Speculative decoding is lossless under greedy decoding. The 0.6B DFlash drafter proposes num_speculative_tokens = 7 tokens; the target model (Laguna XS.2) verifies them, so accepted text is token-identical to the no-speculator baseline.
The reward depends only on the generated text, so an identical reward signal is produced.
Only the cost per rollout drops (fewer target-model forward passes per accepted token → higher tokens/sec → cheaper RL).
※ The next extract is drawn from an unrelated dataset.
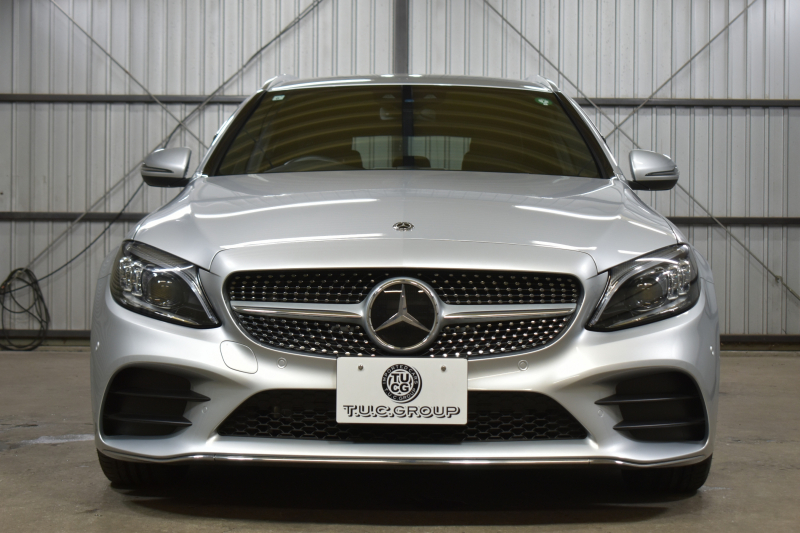 メルセデスベンツ Cクラス C200ﾜｺﾞﾝ AVG AMGﾗｲﾝ ﾚｰﾀﾞｰSP 後期型  9速 ﾐｰｺﾈｸﾄ ﾃﾞｨｽﾄﾛ ﾆｯｸ ﾌﾞﾗｲﾝﾄﾞｽﾎﾟｯﾄA Lﾁｪﾝｼﾞｱｼｽﾄ 誤発進 ﾋｰﾀｰ黒革 AMGｴｱﾛ18AW ｷｰﾚｽGo PTS 電動Rｹﾞｰﾄ 地ﾃﾞｼﾞﾅﾋﾞBｶﾒﾗ 2年保証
That is the measurable claim: feed the same env two endpoints (baseline vs DFlash), show one reward curve, two throughputs.

How the reward works

The dataset carries each HumanEval problem's original prompt (signature + docstring), test (the check(candidate) harness), and entry_point in info — so the grader never depends on the model echoing the signature.
The model's completion is trimmed at the first stop sequence (\nclass , \ndef , \n#, \nif __name__) so a chatty model can't smuggle a second definition past the grader. This matches evals/humaneval_subset.py.
spec_rl.fraction_passing() assembles prompt + completion + test + check(entry_point) and runs it in a fresh python subprocess with an 8s wall-clock timeout, isolated from the rollout worker. It AST-instruments each assert in the HumanEval check() (via _AssertCounter) so a failing assert is counted in the denominator instead of aborting on the first failure — this also makes loop-based checks fractional. The reward is passed_asserts / total_asserts, a value in [0,1]. A crash, exception, or timeout before any assertion runs → 0.0; every assertion passing → 1.0.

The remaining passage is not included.